### WORK INSTRUCTIONS
The listing below is to be given again in full and word for word, without its images.

### PROVIDED MATERIAL

........

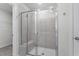 Walk-in shower with gray tile, glass door, and built-in seat at 4795 Hopespring St., Myrtle Beach, SC 29579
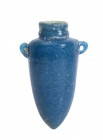 EGYPTIAN TURQUOISE GLASS PASTE TORPEDO FLASK
New Kingdom, ca. 1300 BC
height cm 7; diam. cm 2

Small tapered body, with a pointed end; on shoulder...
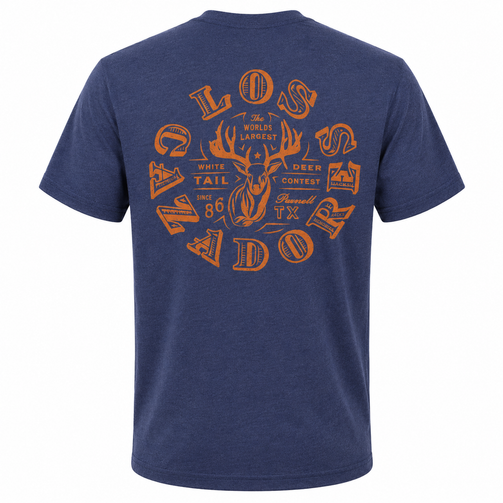 Back view of a Los Cazadores adult short-sleeve t-shirt displayed on an invisible ghost mannequin against a white background. The heather navy tee features a large vintage-inspired Los Cazadores graphic centered across the upper back with orange antlers, deer illustration, "The World's Largest White Tail Deer Contest," "Randall TX," and "Since 1986" text. The classic crew neck construction and heathered fabric texture are showcased in a clean ecommerce-style product image.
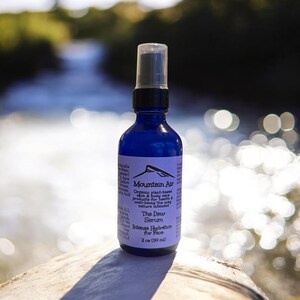Pu&ograve; includere: Una bottiglia di vetro blu di "The Dew Serum" di Mountain Air, con un tappo spray nero. L'etichetta include il testo "Intense Hydration for Face" e la bottiglia contiene 59 ml di prodotto.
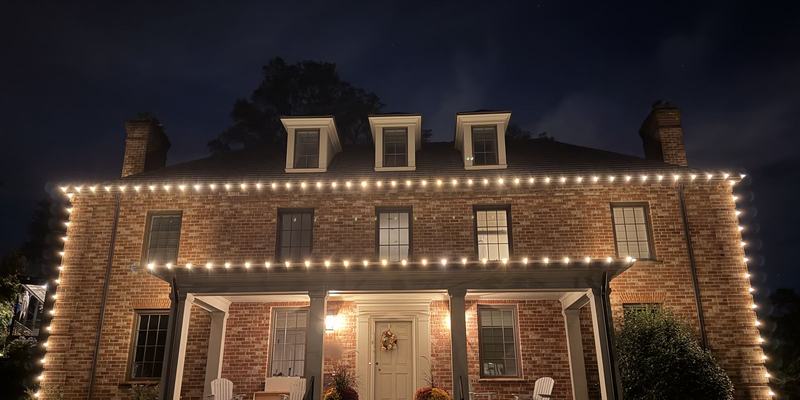 Brick colonial at night with warm white lights along the roofline and porch, installed by Green Zebra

........

### WRITTEN REPLY
 Walk-in shower with gray tile, glass door, and built-in seat at 4795 Hopespring St., Myrtle Beach, SC 29579
 EGYPTIAN TURQUOISE GLASS PASTE TORPEDO FLASK
New Kingdom, ca. 1300 BC
height cm 7; diam. cm 2

Small tapered body, with a pointed end; on shoulder...
 Back view of a Los Cazadores adult short-sleeve t-shirt displayed on an invisible ghost mannequin against a white background. The heather navy tee features a large vintage-inspired Los Cazadores graphic centered across the upper back with orange antlers, deer illustration, "The World's Largest White Tail Deer Contest," "Randall TX," and "Since 1986" text. The classic crew neck construction and heathered fabric texture are showcased in a clean ecommerce-style product image.
Pu&ograve; includere: Una bottiglia di vetro blu di "The Dew Serum" di Mountain Air, con un tappo spray nero. L'etichetta include il testo "Intense Hydration for Face" e la bottiglia contiene 59 ml di prodotto.
 Brick colonial at night with warm white lights along the roofline and porch, installed by Green Zebra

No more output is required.